Присутствие духа
Шрифт:
Придя в городскую управу, Леонид Витальевич застал Грачевского и сейчас же был им принят.
— Как живете-можете? — фальшиво-непринужденным голосом начал Леонид Витальевич, приближаясь к столу бургомистра, за которым тот сидел в кресле с очень высокой спинкой, напоминавшем судейское.
— Живу, но, к несчастью, ничего не могу, — без промедления отозвался Грачевский, выходя из-за стола навстречу посетителю.
— Решительно ничего не можете?.. — изумленно и опечаленно переспросил Леонид Витальевич, и на этот раз тон его был искренен: в самом деле, стоило ли ему в таком случае самому
— Почти, — ответил Грачевский, тоном и улыбкой давая понять, что не надо его понимать слишком буквально: кое-какие малости ему еще по силам.
— Ну, это все-таки более обнадеживает, — проговорил Леонид Витальевич с деланным облегчением, как будто не сомневался, что бургомистр непременно ему поможет, если только в силах помочь.
— Вы мне скажите, Леонид: когда интеллигенты в России что-либо могли? — горько и в то же время жеманно произнёс Грачевский, называя Леонида Витальевича, как в студенческие их годы, и тоном своим воскрешая в его памяти нескончаемые домашние дискуссии той поры. — Я уж не говорю о последнем двадцатипятилетии нашей жизни. Но прежде? Разве Короленко мог что-нибудь? Или Лев Николаевич?..
Леонид Витальевич слушал молча, но словно бы разделял чувства Грачевского.
— А в какие крайности все тогда ударялись!.. — продолжал Грачевский.
«Ну, это совсем другое, — подумал Леонид Витальевич. — Какое же это имеет отношение к предыдущему?» Но он не сказал этого вслух, решив, что не надо раздражать бургомистра несогласием уже сейчас, раньше чем разговор дошел до цели, ради которой начат.
— Помните девушку — в Харькове, — такую тоненькую курсисточку? Не при женах будь сказано, она ведь нам обоим нравилась… Помните? — быстро, почти украдкой спросил Грачевский.
— Нам обоим? — переспросил Леонид Витальевич, как будто дело теперь принимало крайне серьезный и весьма озадачивающий оборот. — Какую же вы имеете в виду…
— Да знаете вы! Она еще постоянно бывала в доме старика Данилевского, знаменитого фольклориста, — его-то вы не забыли?
— Никоим образом, — поспешно вставил Леонид Витальевич.
— Старик любил с ней играть в «подкидного дурака», а у него не было случайных партнеров. Да!.. Это вы ведь о ней сказали: «Она так умна, что сам Данилевский с нею играет в «подкидного дурака»?..»
— Да-да, — подтвердил Леонид Витальевич, — кажется, я действительно сказал что-то в этом роде.
— Как же, как же! Старик, помню, смеялся — ваши шутки ему вообще были по душе.
Их прервал человек, принесший бургомистру бумагу на подпись. Грачевский стал читать ее, а человек стоял рядом, чуть наклонясь над столом, и Леонид Витальевич глядел на него сперва рассеянно, потом — припоминая.

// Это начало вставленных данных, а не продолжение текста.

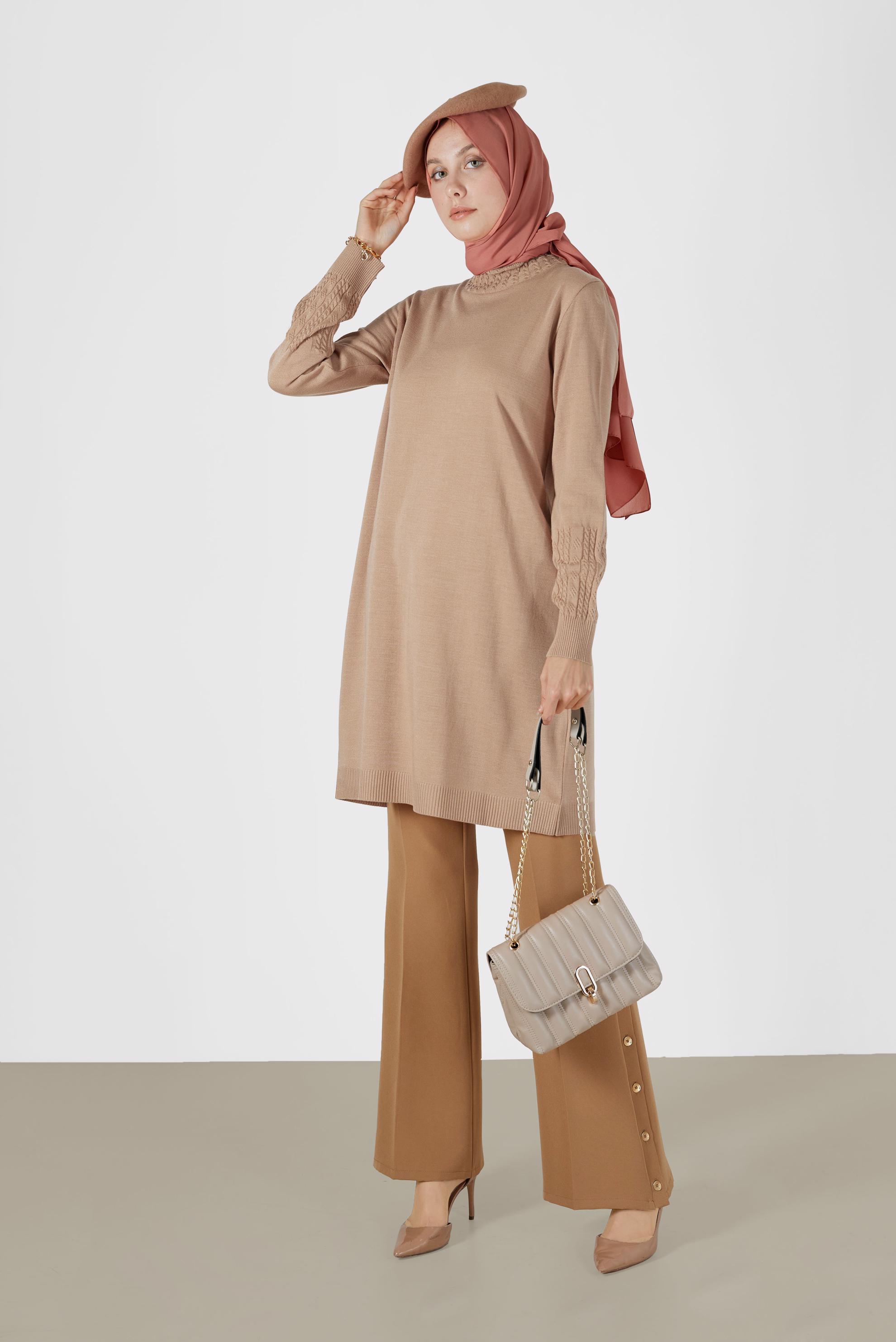 Tesettür giyim BEJ KOL UCU ÖRGÜ DETAYLI TRİKO TUNİK 42006 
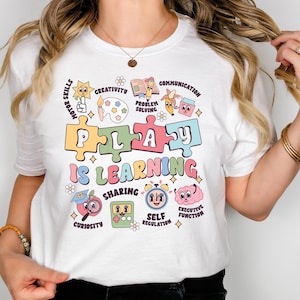 T-shirt pour enseignant Speed, T-shirt pour enseignant Play Is Learning, T-shirt cool pour enseignant, sweat-shirt pour la rentrée, col rond de l'équipe des enseignantes de maternelle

Не этого ли самого мужчину ему кто-то показал на улице, прошептав: «Начальник полиции…»? Этого. Говорят, полиция и гестапо очень тесно между собой связаны… Да, наверно уж. А точно ли, что все смертные приговоры жителям города непременно дают Грачевскому на визу? Может ли быть?.. Не исключено.
— Я что… подпись где-то тут, вероятно, должен поставить? — спросил Грачевский пришедшего, показывая Леониду Витальевичу, что далеко еще не освоился
В ответ человек, бывший, скорее всего, начальником полиции, пальцем указал бургомистру, где именно тот должен расписаться. Тогда с нарочитой неловкостью Грачевский расчеркнулся…
— Так вот, эта умная девушка, нравившаяся нам обоим, — продолжал он, — прекрасно сказала однажды: «Мне омерзительны устроители дела Бейлиса, но почему я должна стыдиться того, что не испытываю потребности лобызать самого Бейлиса?!» И, представьте, старик сразу же: «Позвольте мне поцеловать уста, произнесшие сии слова!» А не при вас ли это было?
— Нет. Не при мне.
— Редчайший был старик! — говорил Грачевский, все глубже погружаясь в воспоминания. — Знаете, как кончил он: его хватил удар, когда его внучка вышла замуж за красного героя Гнедина!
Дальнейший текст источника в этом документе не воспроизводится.